Sounds like youll be on the north manitou eh? Great place! Used to kayak out to the manitous and camp. Wish i could say i had fish,but peanut butter and crackers and rommin noodles were the staples...
Lots of shore lunch kits you can get-or whip up your own fry mix.
Im sure others will follow with suggestions as well. I miss the manitou islands!!!!


----------



## jimbo (Dec 29, 2007)

we've been camping\fishing there for about 12-15 yrs. (july\aug)
great smally lake. 18" keeper isn't that hard to do sometimes. we do use belly boats though to get us out.
fish fries with min. grease because grease is heavy. Bro-in-law makes some special secret batter that we take

sounds like the water will be COLD on your trip, but i bet that time of yr pays off. good luck


----------



## StiffNeckRob (Apr 19, 2007)

I've been going several times a year for over 5 years now.

There 2 things....make that 3 to keep in mind.

- Keep camp 300' away from the water or YOU WILL be ticketed.
- Don't make a fire...if there even is a evidence of a fire at your site you could be ticketed.
- Please pack your trash out...and then a little more. The ever increasing amount of trash on the island is very discouraging.

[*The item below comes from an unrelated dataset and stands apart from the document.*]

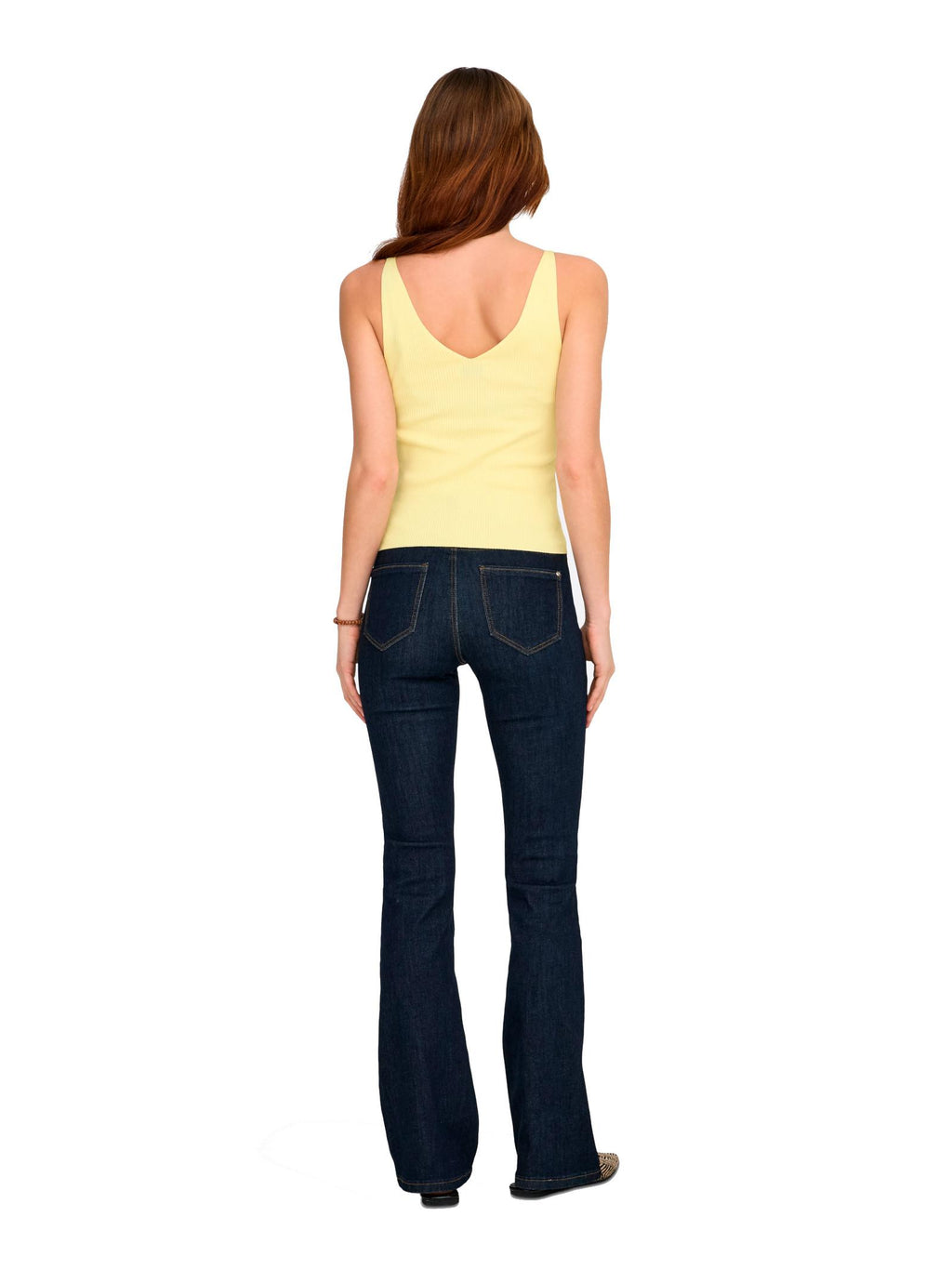 Top JDY Giallo Anna 15180497 /Pastel Yellow JDY 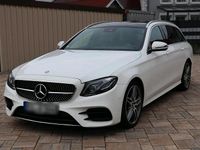 Gebraucht Mercedes E220 AMG line 194 PS (142 kW) 2017 Weiß Kombi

Fish batters are easy....pick you mix and add water. Just remember to filter or boil your water. Please remember that an 18" small mouth really is more then enough for one guy...and they really aren't as good of eating as some of the other fish that we all go after.

Recipes depend on how long you're staying for. Noodles and tuna pouches can be a good lunch. The instant Idahoan mashed potatoes fit very well into one of the disposable tupperware containers and go well with fish. It all depends on how long you're going for and what your tastes are. I personally also like smoked salmon and pasta noodles, jerky and noodles and a few of the Mountain House meals.


----------



## polarbear78 (Jan 26, 2011)

Thanks for the help!


----------